Marco Attilio corrugò la fronte. «Tuo padre è un legionario?»
«Lo era.»
«Ah…»
«Era più di un legionario» puntualizzò il suocero del ragazzo. «Era il centurione Settimio Impervio.»
Il senatore, a quella rivelazione, annuì con approvazione. «Ho sentito parlare di lui. Era sotto il comando di Adriano. Uno dei migliori uomini che abbiano combattuto in Britannia.»
«E uno dei tanti a morire per Roma» affermò con orgoglio il giovane. Solo in quel momento il senatore si accorse del fisico asciutto del ragazzo, dai muscoli ben allenati.

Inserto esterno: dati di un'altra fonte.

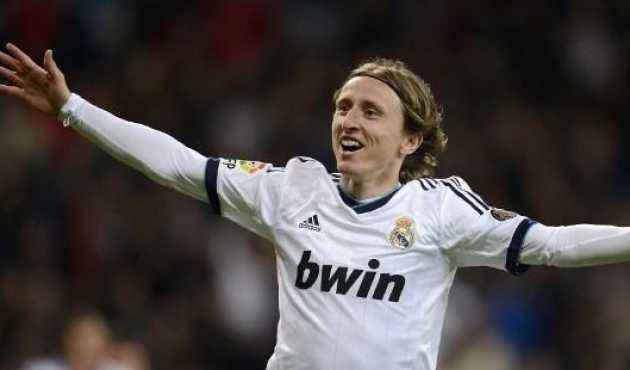 斯基拉：德罗西执教的热那亚想从罗马租借皮西利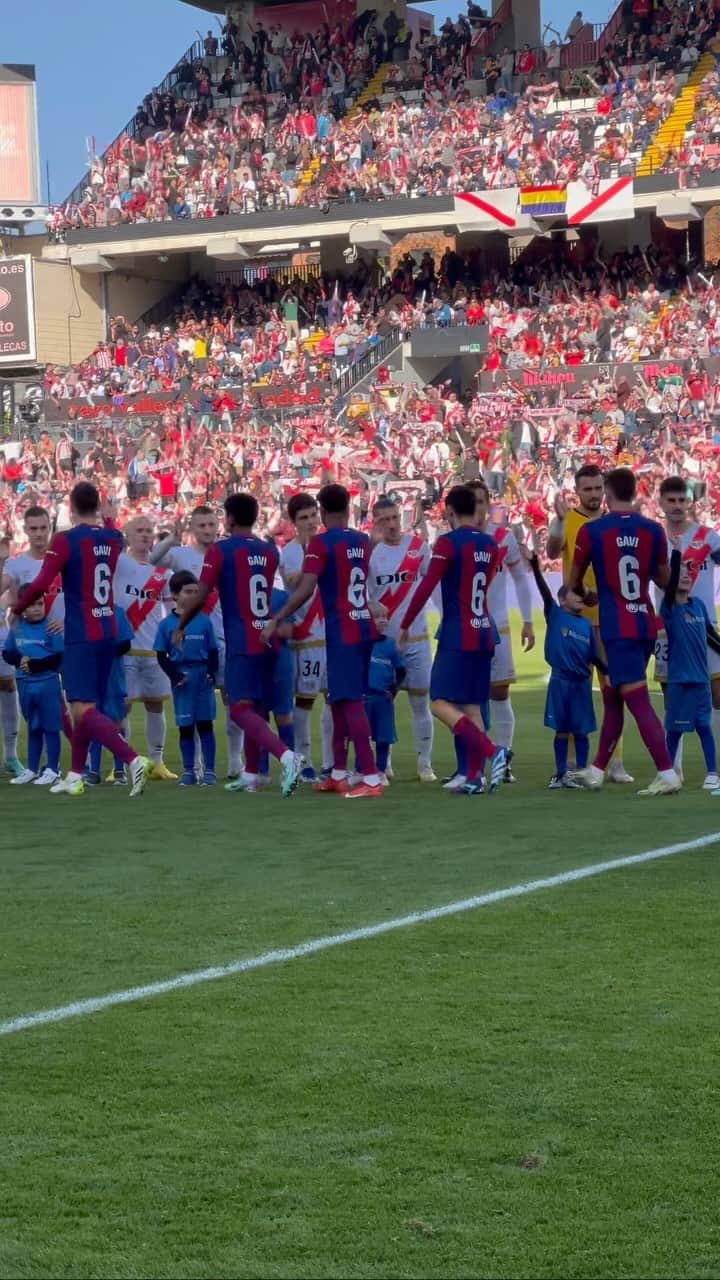 FCバルセロナのインスタグラム：「Tots som Gavi ❤️」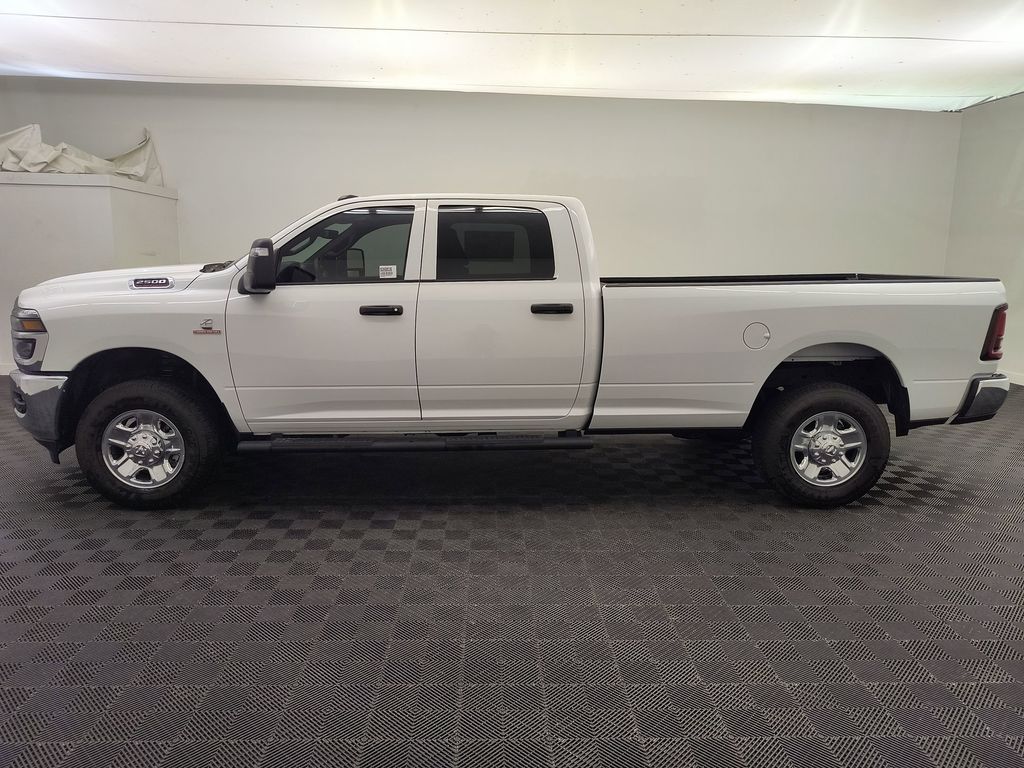2025 Ram 2500 Tradesman photo 2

Aveva di sicuro partecipato all’addestramento militare e questo giocava a suo favore.
«Quanti anni hai, ragazzo?» volle sapere.
«Venti.»
«Beh, caro Lucio Impervio: a vent’anni stai per diventare padre e tribuno, e trovo di buon auspicio il fatto che la legione alla quale stai per essere assegnato sia la Ventesima. Una circostanza davvero insolita, non trovi? Per tanto direi che venti è il tuo numero fortunato» concluse sorridendo alzandosi, seguito dagli altri.
Marco Attilio Drusillo fissò un’ultima volta il giovane ambizioso. Si era convinto che il ragazzo avesse la determinazione necessaria per arrivare lontano. Sperava solo di vivere abbastanza a lungo per poterne raccogliere i frutti. Se il ragazzo avesse raggiunto la gloria a cui aspirava, avrebbe dovuto mostrargli riconoscenza a vita.
E finalmente, dopo tanto tempo, il creditore sarebbe stato lui.